CoverageLoanee farmers, non-loanee farmers, sharecroppers and tenant farmers (those who farm on rented land). 

IMPLEMENTATION CHALLENGES IN PMFBY

Negligible coverage of sharecropper and tenant farmers due to lack of legal recognition of Land leasing.

Mixed cropping and crop diversification discouraged: A limited number of crops are notified by states under PMFBY. Only these crops can avail of insurance. 

Poor awareness about PMFBY:  Only 30% of the farmers are aware about PMFBY and its benefits.

Inadequate and delayed claim payment to farmers: Only 5-10% of the claims made for crop losses have been paid on time; Many insurance companies cited delay in receiving the state and Central government subsidies as the main reason for delay in reimbursing claims

Very high actuarial premium rates: Insurance companies have charged much higher actuarial premium rates in some states and regions.  

Loopholes in assessment of crop loss: PMFBY encourages the use of satellite, remote sensing technology and drones to improve the speed and reliability of the Cost Cutting Experiments (CCEs); most of the states have been unable to carry out the crop cutting experiments in a reliable and fool proof manner.

RECENT CHANGES INTRODUCED IN MARCH 2020

Limit on the Centre's Premium: The Centre would contribute its share of the premium amount, provided the premium is up to 30% for unirrigated areas/crops and 25% for irrigated areas/crops. If the premium is above the threshold, then the centre would not provide the additional premium amount. So, in that case, the additional premium amount would be borne by the respective state government. 

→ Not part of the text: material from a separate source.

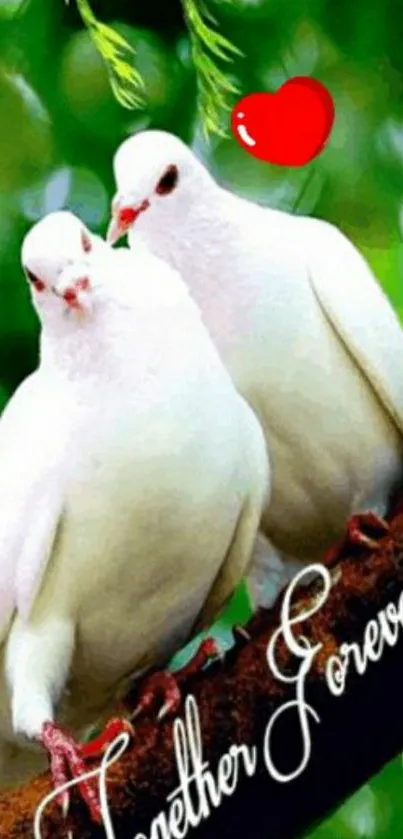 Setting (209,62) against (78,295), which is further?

Voluntary enrolment of farmers: Earlier, the scheme was mandatory for the loanee farmers and optional for non-loanee farmers. The recent changes have made the enrolment under the scheme voluntary even for the loanee farmers.

Higher share of centre's contribution in North-Eastern States to 90:10 (earlier 50:50)

Timely payment of Insurance premium by States: States would not to be allowed to implement the Scheme in subsequent Seasons in case of considerable delay in payment of premium in previous season.

IMPLICATIONS OF THE NEW CHANGES

Higher Subsidy burden on the States due to limit on capping on premium contribution by Centre.

Increase in the insurance premium: The move to done away with the compulsory enrolment of loanee farmers would lead to decrease in the area as well as the number of farmers covered under the scheme. This is expected to lead to increase in the insurance premium under the scheme.